Olga Detenyuk

Personal information
- Full name: Olga Igoryevna Detenyuk
- National team: Russia
- Born: 23 June 1993 (age 33) Vladivostok, Russia
- Height: 1.73 m (5 ft 8 in)
- Weight: 57 kg (126 lb)

Sport
- Sport: Swimming
- Strokes: Breaststroke

Medal record
Women's swimming
Representing Russia
World Junior Championships
| Gold medal – first place | 2008 Monterrey | 200 m breaststroke |
European Junior Championships
| Bronze medal – third place | 2009 Prague | 200 m breaststroke |
Youth Olympic Games
| Silver medal – second place | 2010 Singapore | 4×100 m medley |

= Olga Detenyuk =

Russian swimmer

Olga Igoryevna Detenyuk (Ольга Игоревна Детенюк; born June 23, 1993) is a Russian swimmer, who specialized in breaststroke events. She represented her nation Russia, as a 15-year-old, at the 2008 Summer Olympics, and has claimed a full set of career medals in a major international competition, spanning the World and European Junior Championships and the inaugural 2010 Summer Youth Olympics in Singapore.

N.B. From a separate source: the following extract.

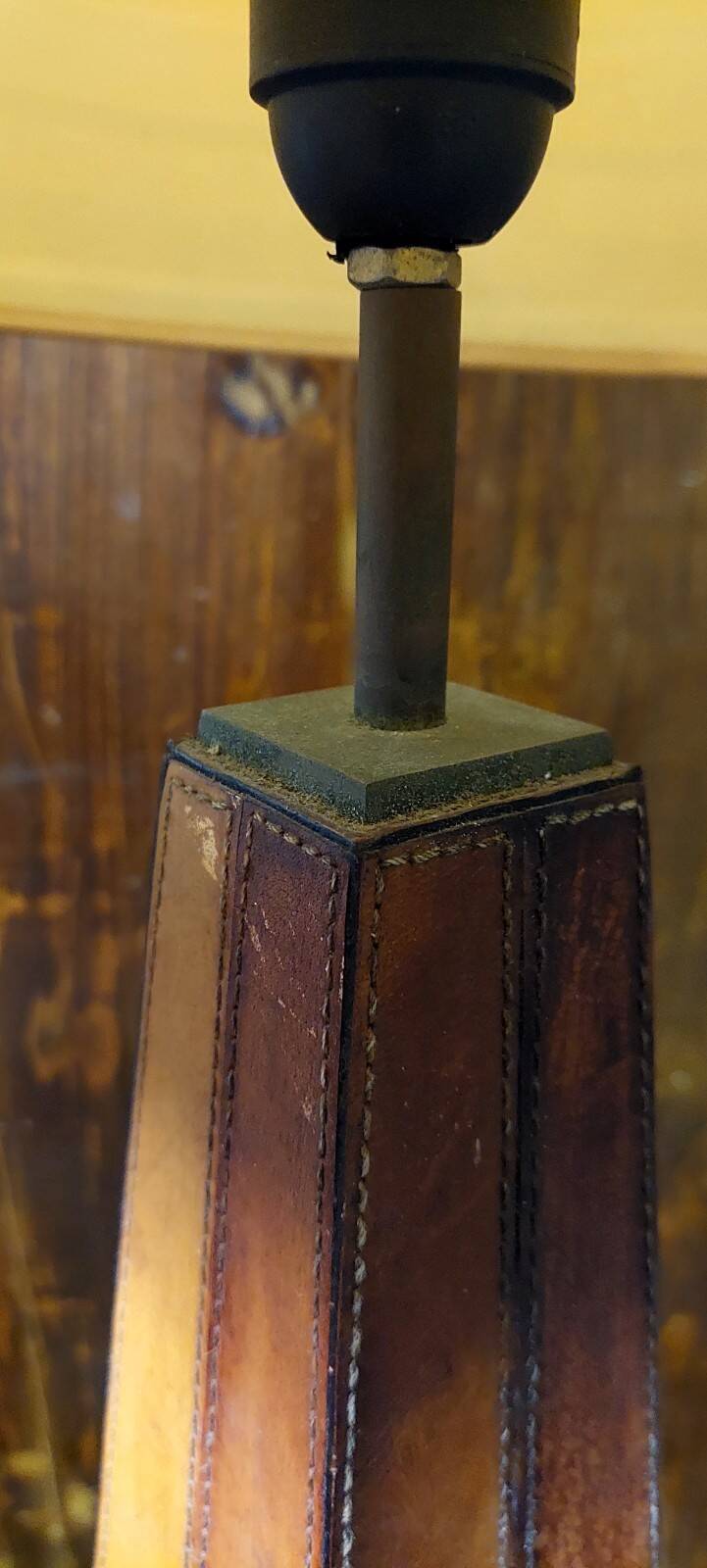 Vintage 80s design floor lamp in leather and brass.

Detenyuk claimed her first title in the 200 m breaststroke at the 2008 FINA Youth World Swimming Championships in Monterrey, Mexico, demolishing a meet record of 2:25.19. Leading to her Olympic debut as a fifteen-year-old, she scored a second-place time of 2:26.15 just behind Yuliya Yefimova to assure a direct selection to the Olympic swimming team and slide strenuously under the FINA A-cut (2:28.20) at the Russian Championships on that same year in Moscow.

At the 2008 Summer Olympics in Beijing, Detenyuk competed as a lone Russian swimmer in the women's 200 m breaststroke. Swimming alongside Yefimova in heat four, Detenyuk tried to hold on with the top four leaders throughout the race, but faded down the stretch to take the seventh spot in 2:27.87. Detenyuk missed the semifinals by 0.6-second margin, sharing a twentieth-place tie with Great Britain's Kirsty Balfour in the prelims.

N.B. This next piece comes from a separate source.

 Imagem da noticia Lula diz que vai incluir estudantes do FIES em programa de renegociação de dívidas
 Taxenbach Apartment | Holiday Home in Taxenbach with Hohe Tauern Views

When Singapore hosted the inaugural 2010 Summer Youth Olympics in 2010, Detenyuk and her teammates Alexandra Papusha, Kristina Kochetkova, and Ekaterina Andreeva solidified their silver-medal finish in the girls' 4×100 m medley relay with a time of 4:11.07, trailing the victorious Aussie foursome by nearly two seconds.